To get a gun dyed to look like an original finish - you need to soak it in hot water with dye. That's how everyone does it that dyes guns. I've read the process many times for HKs and PS90s. Now, i'd never personally do it myself because I'm not gonna screw up an expensive firearm (I just wait and buy the color I want - like I did w/ my PS90). If I wanted it done, I'd pay someone who has the equipment and has done it before. I have seen many people complain that their gun comes out splotchy or purple.
What you talked about was a dye (putting it on the inside of the magwell, a little at a time) that would act like a paint. I do not believe this will work. U may as well duracoat (paint) the gun if you want to do it that way. I do not believe U can get a topical only die that you could just apply and come out with a nice black gun. It takes submerging the gun in the water mixed with die at a high temp to make it come out right.
OK, I see what you are saying. What I was referring to was to try the dye before a complete commitment. To make sure it would take, or produced the desired results. Also assuming doing it for ones self... Duracoat is a paint, far different than a Dye... If the Dye just sat on the frame, then it would not work, but if it soaked in and oils/cleaners and such didn't make it bleed out, then it might work... Using a hidden area to test the Dye just sounds smart to me. A person can then say "F this" and not ruin their pistol...
Almost got me interested in trying it, except I like having a OD along with my black pistols... This has got my interest up.
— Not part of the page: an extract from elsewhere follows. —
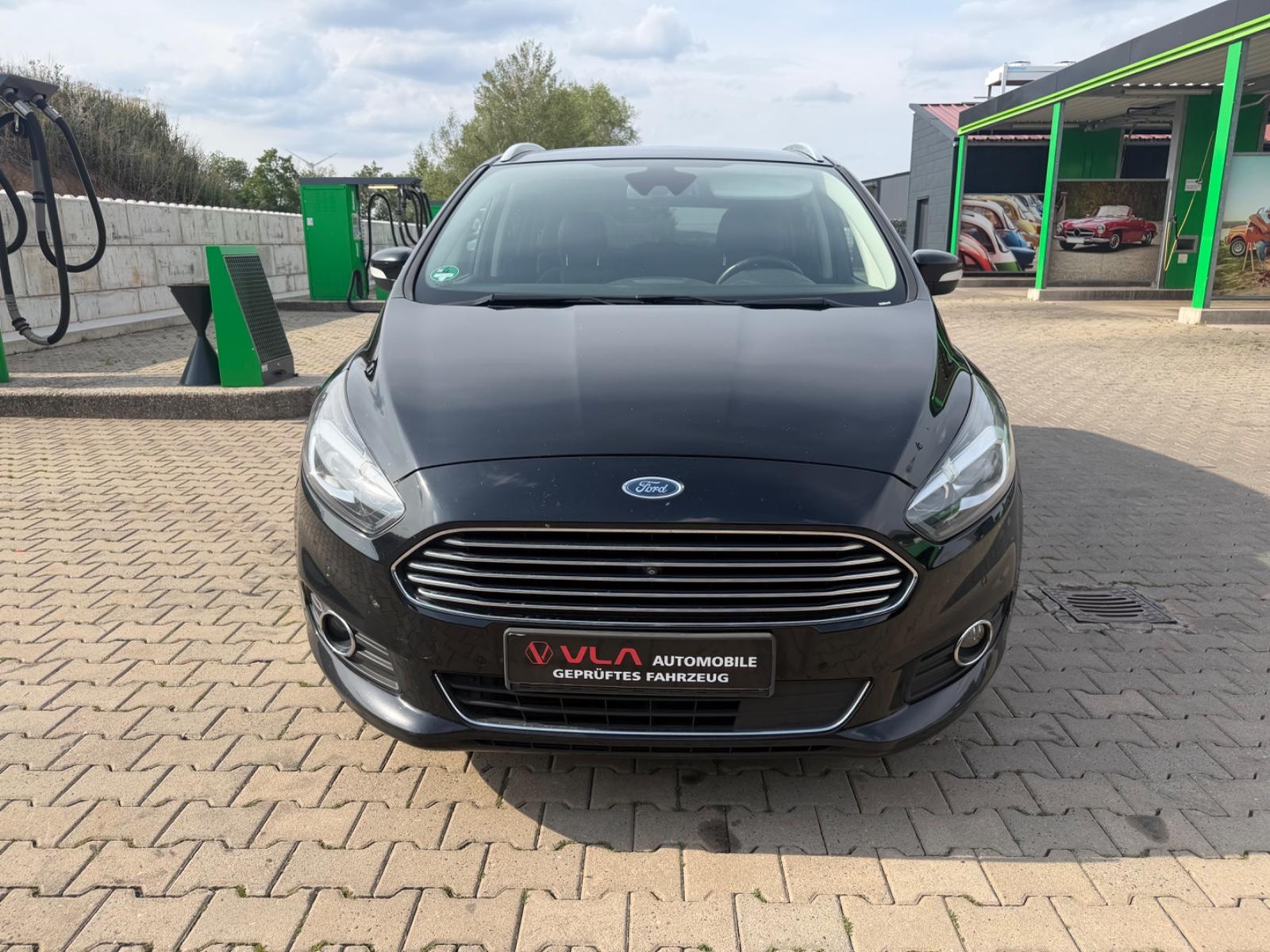 Ford S-Max S-MAX Titanium Navi LED SpurAsisten voll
I've finished a lot of furniture in my day and this is not too far from it... Almost sounds like fun!
Not to beat a dead horse, but some are over-looking the most important part of the dying process and how that might effect the integrity of a Polymer framed structure.
The reason Polymer handguns work at all ........... is the fact that the polymer is structurally sound under high pressure and under various temp.s. Change that internal structure at the molecular level.....and you could begin to have serious problems.
Keep in mind that the P-99 rail system involves inserting metal rails into this polymer frame........... and it is that, which guides the slide perfectly each time the gun is fired.
Does the manufacturer apply "heat" to their finished frames ?? In order to achieve the desired color ?? I don't actually know for sure -- I would think that the color of the polymer is determined "before" it is injected into a frame mold. [ again - if they use an injection method, but that's not important for this discussion ] What is important is how much "heat" and for how long, can a polymer frame take before it might warp slightly ??? Perhaps the dying process uses only moderate heat, that has really no ill effects on the polymer -- it is pretty tuff stuff, or they wouldn't use it in Firearms These are the questions one needs answered before proceeding.
Thanks to Shipwreck, we now are pretty sure that the dye process involves some quantity (?) of heat in a chemical bath of sorts. I hope you gentlemen are seeing the dangers here. The whole process may be perfectly safe ........ but for my pistol, I would need a lot of evidence that Polymer framed handguns with an embedded rail systems have gone through the process without any dimensional changes - down to the thousandths of an inch.
It is a whole different Story, dying a weapon's stock a different color, I mean who cares if the stock warps a tiny amount.......... but you don't want that happening to a section of the handgun that controls the slide's movement and action.